И тут звонок: нужен ли мне Тацит? Необходим!
…Двухтомник у меня, раскрыт передо мной – «История» (перевод Георгия Кнабе): «Я приступаю к рассказу о временах, исполненных несчастий, изобилующих жестокими битвами, смутами и распрями, о временах, диких и неистовых даже в мирную пору».
А за окном – гроза. Как иллюстрация к стихотворению Льва Смирнова «Чтение Тáцита»:
Я Тáцита читал в грозу
В какой-то захолустной
чайной.
Что может быть
необычайней,
Чем чтенье Тáцита в грозу
В какой-то допотопной
чайной?
Передо мною древний текст
Особым смыслом наполнялся,
Когда вокруг народ смеялся.
Когда сосед ругал бифштекс, –
Меж тем Тиберий к власти
рвался.
А ведь была латынь когда-то в моде и в России – официальным языком, основанной в 1725-м Российской академии наук, доклады, протоколы заседаний – все было на латыни.
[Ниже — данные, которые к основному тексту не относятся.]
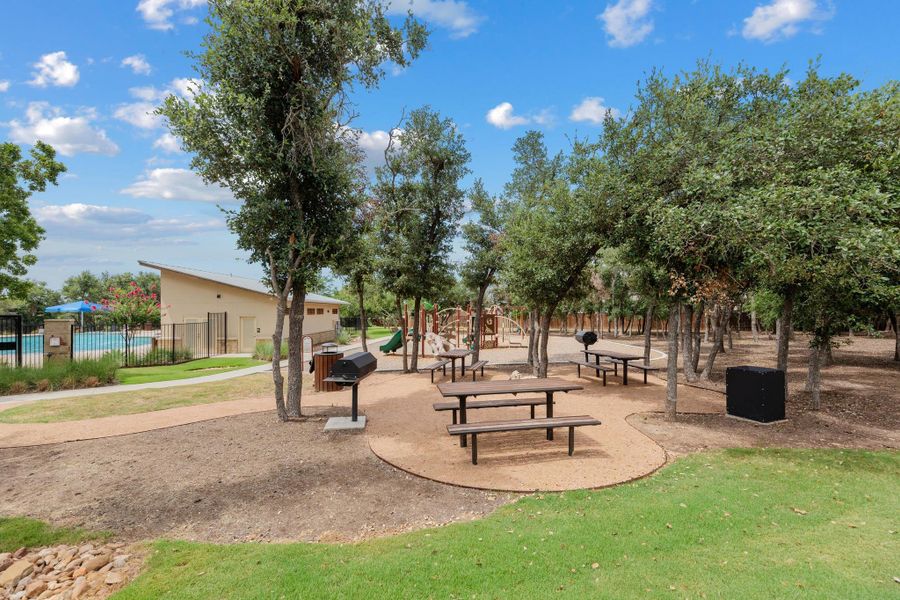The community recreation area features picnic tables and grills, nestled amongst mature trees, with a playground and pool. The community recreation area features picnic tables and grills, nestled amongst mature trees, with a playground and pool.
Я (в фантазиях моих) в ознаменование сего 200-летия вернул бы Академии для всяких торжеств и посвящений в академики меднозвучную латынь, а студентам – их славный гимн еще со времен средневековых вагантов: «Gaudeamus igitur, juvenes dum sumus!» («Итак, будем веселиться, пока мы молоды!»)
Нет, латынь еще жива! Я даже знаю людей, для которых она и жива, и любима: это Максим Амелин (Москва) и Рахель Торпусман (Иерусалим), храню сборники их переводов из Гая Валерия Катулла. Многие ставят Катулла даже выше Горация: мол, у Горация слишком много меди (медные башни, доспехи, даже медные груди), а у Катулла слышен птичий щебет, звук поцелуев, плещет вино, у него вздыхают, кашляют, чихают – все звуки мира, а не войны.
А ведь это Горацию Рим и весь мир обязаны тем, что Овидий стал поэтом, – этот молодой человек только начинал карьеру, был одним из трех триумвиров, избранных римлянами надзирать за содержанием преступников в тюрьмах. Гораций убедил его бросить службу.
Мне кажется, в самих переводчиках с латыни есть что-то от римлян.
…Все чаще слышу заклинание: «Москва – третий Рим». Вглядываюсь в лица горожан, в улицы, площади. Слов нет, хороша станция метро «Римская», да ведь этого мало.